The making of a winter storm
When Winter Storm Xynthia swept over Europe in 2010, it left behind insured losses in the order of €2bn. The year before, it was Klaus that raged across Europe. The balance: insured losses also amounting to some €2bn. In 1999, Lothar outstripped both these events, costing insurers approximately €6bn. Kyrill (2007) inflicted insured losses of over €2bn in Germany alone. The damage caused by Joachim, the first big winter storm in 2011, was mild in comparison. However, a recent study by the GDV shows that such storms will increase in the future as a result of climate change.
Winter storms form over the North Atlantic, Europe's "weather kitchen". This is where cold air from the north meets warm, humid subtropical air from the south, leading to the formation of extensive low-pressure vortices. Storm intensity inside these vortices increases in proportion to the temperature difference between the two air masses. This difference is at its highest in late autumn and winter – hence the term "winter storm". Maximum wind speeds lie in the range of 140 to 200 km/h; in exposed coastal areas and higher mountains they can also attain speeds well in excess of 250 km/h. The wind fields of extratropical storms can be as much as 2,000 km wide.

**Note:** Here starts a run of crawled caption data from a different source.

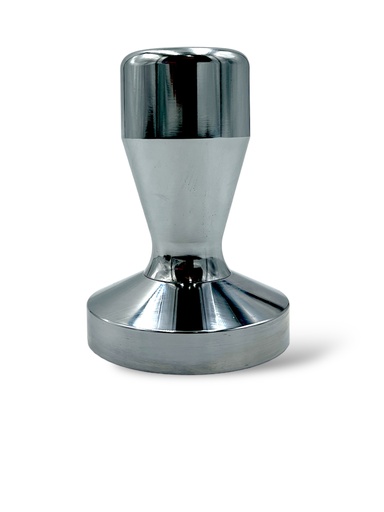 [M-UTEN0557] Tamper Con Mango Ergonómico De Acero Inoxidable 5,7Cm 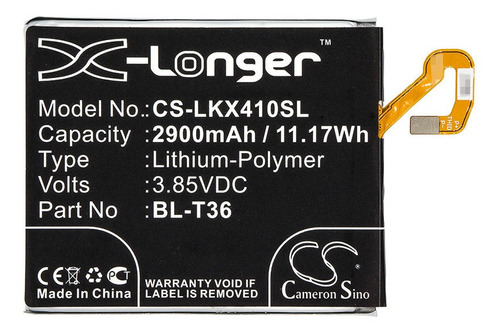 Batería Para LG K10 2018 Lkx410sl 2900mah 3.85v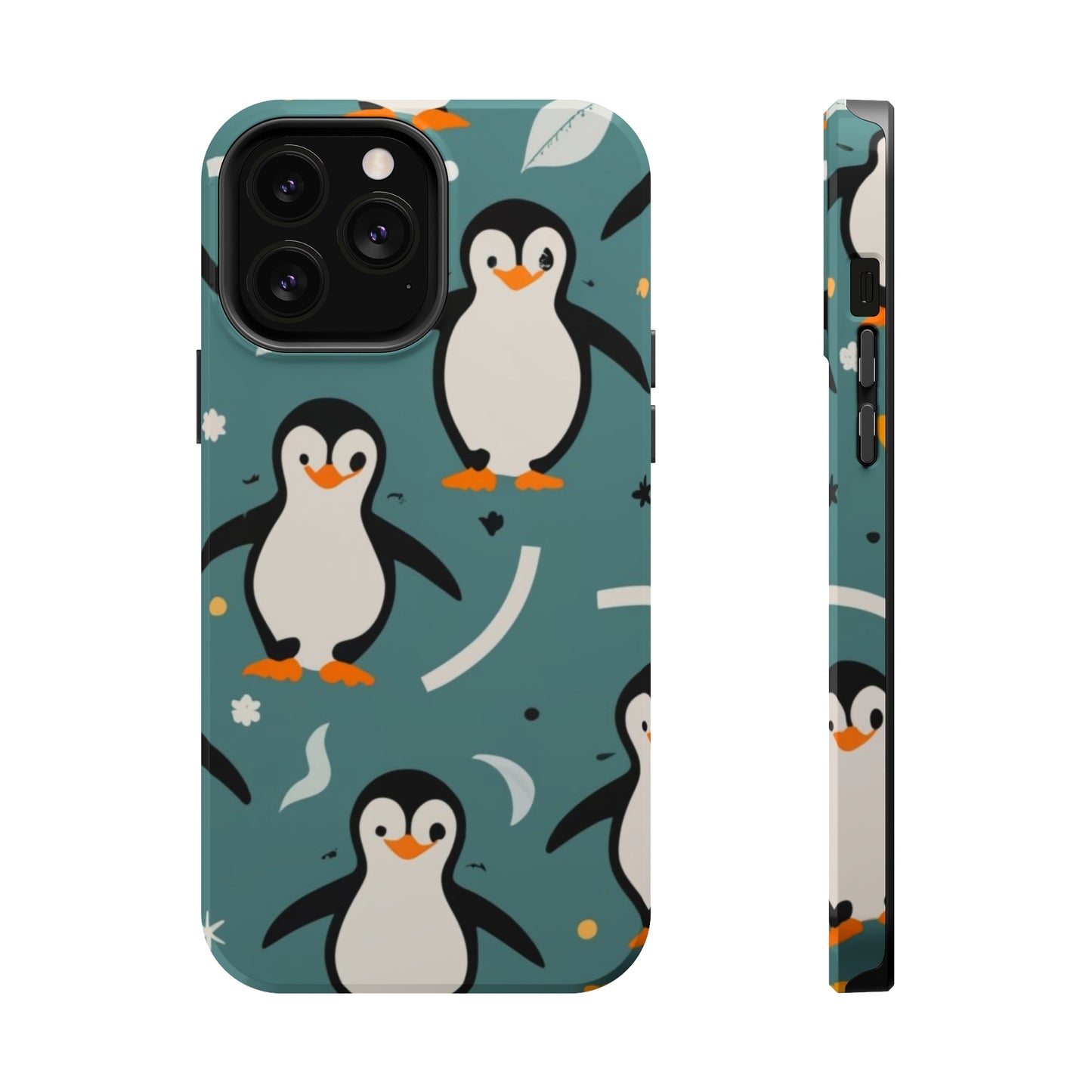 penguin cell phone case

Differences compared with tropical storms
Extratropical storms differ from tropical storms not only in respect to their areas of origin and paths but above all in their intensity and geographic extent. They develop in the transitional area between subtropical and polar climate zones (approximately latitudes 35° to 70° north and south of the equator). Ice and snowstorms (blizzards) are a further variety of subtropical storm. As with other extratropical storms in which high wind speeds are the main cause of damage, the potential losses due to ice or snow pressure can be in the order of single- or double-digit billion euros. A blizzard that lasted in 1951 from 28 January to 4 February affected enormous areas of the USA – from the states of New England to Texas – with a 10 cm thick layer of ice. In relation to its geographic extent, this was presumably the largest blizzard of the 20th century.